L'Etat doit réorienter les dispositifs de formation dont il assure la tutelle vers cet objectif. Il faut aussi mettre en cohérence les politiques horizontales d'appui au développement des PMI et les contributions au renforcement des compétences internes des entreprises.
Une des priorités que je me fixe au Ministère, est de réorganiser, pour les rendre plus cohérentes et plus opérationnelles, l'ensemble des filières de formation qui en dépendent.
Dans le contexte actuel, les chocs conjoncturels et les conversions sont difficilement vécues par les entreprises de faible taille. L'Etat doit mettre en place les outils d'appui et de conversion nécessaires à l'accompagnement de ces entreprises.
En définitive, la stratégie industrielle de l'Etat repose sur des orientations prises au plus haut niveau pour leur donner pleine efficacité.
Le Premier Ministre a donc décidé de mettre en place une Commission de l'Industrie et de l'Innovation, composée d'élus, de représentants du monde industriel, de personnalités qualifiées et de représentants de l'administration que j'aurai l'honneur de présider. Cette Commission devra s'appuyer sur un Etat différent. C'est tout l'enjeu de la réforme de l'Etat et de ses conséquences qui sont de trois ordres : une réforme dans l'organisation du Ministère de l'Industrie; une réévaluation et une simplification des aides dont les régimes doivent être stabilisés ; la volonté d'exercer des missions au plus près du terrain.
Je veux insister sur la responsabilité qui, selon moi, est celle du Ministère de l'Industrie, de la Poste et des Télécommunications, vis à vis du pays.
Qu'il s'agisse d'emploi, de modernisation de l'économie, de construction européenne, d'adaptation du système de formation professionnelle d'accès aux services publics, ce ministère est, et sera toujours en première ligne.
Tous ces enjeux se résument d'ailleurs en un seul : la lutte contre la fracture sociale. Nous devons réaffirmer le pacte républicain, menacé de l'intérieur par l'exclusion de milliers de citoyens, victimes du chômage longue durée et de la grande pauvreté et pour cela, quitte à paraître un peu démodé, je dirai qu'il nous faut aimer notre pays.

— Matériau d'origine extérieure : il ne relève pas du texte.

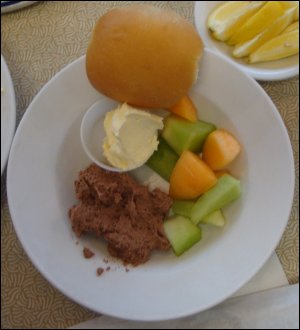 Vicki's bowl of fruit, dessert, roll and butter at the Country Pride Restaurant at the TA in Wheeling, WV.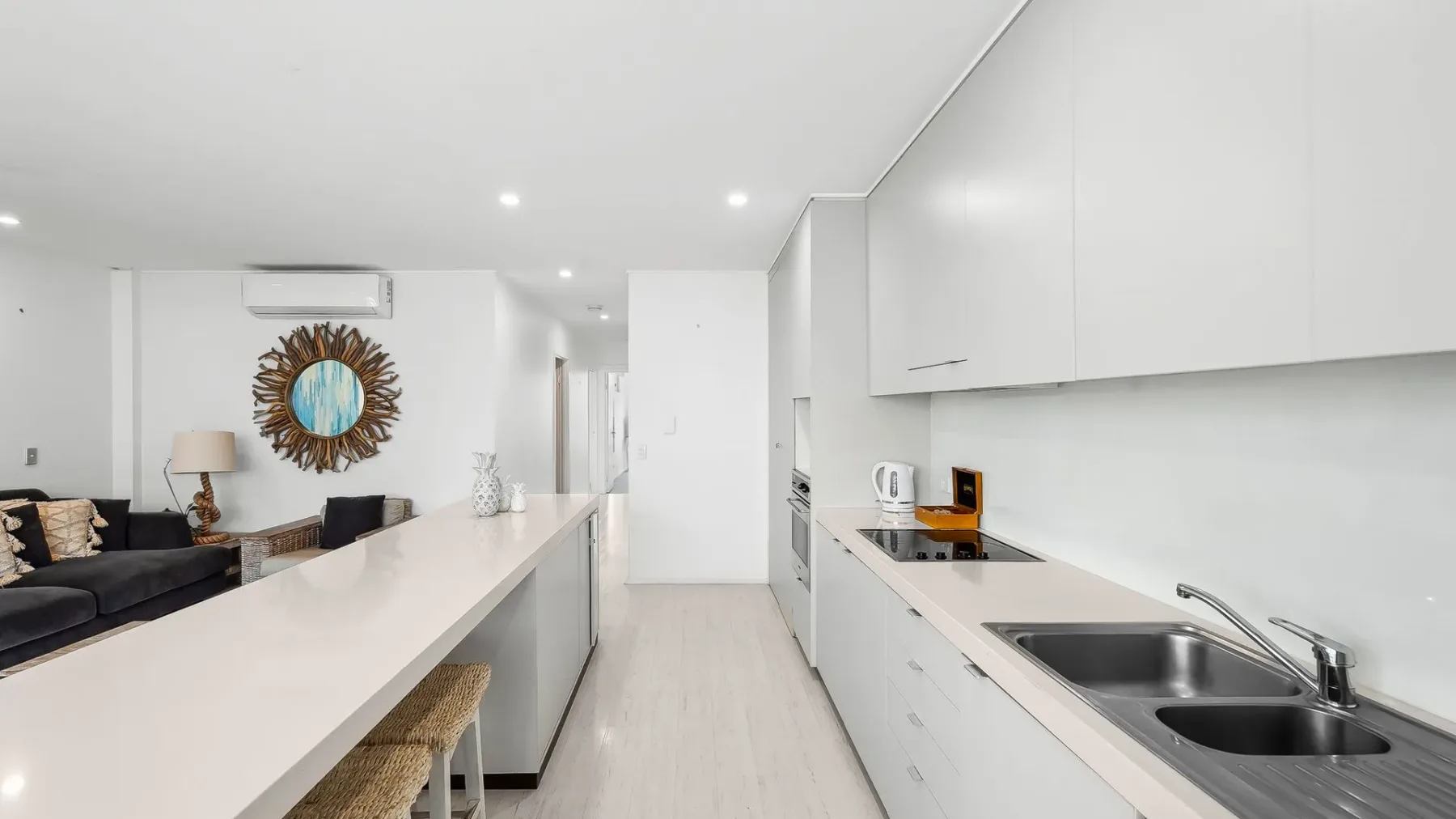 Una cocina luminosa y abierta con una encimera larga y una sala de estar contigua.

Finalement, la chose plus importante dans les périodes où l'avenir est incertain, ce sont les enfants. J'ai des enfants de vingt ans et je connais le manque de confiance des jeunes générations, qui s'interrogent sur l'emploi, la formation, la protection sociale, que leur réserve l'avenir. Je considère que le Ministère dont j'ai la charge a une responsabilité particulière vis à vis de la jeunesse dans ces trois domaines.
Nos enfants doivent avoir confiance en nous, en eux-mêmes et dans la France. C'est pour eux que nous nous battons aujourd'hui, pour leur avenir, et c'est pourquoi nous gardons au coeur un mot qui d'ailleurs rime lui aussi avec le nom de notre pays, l'espérance.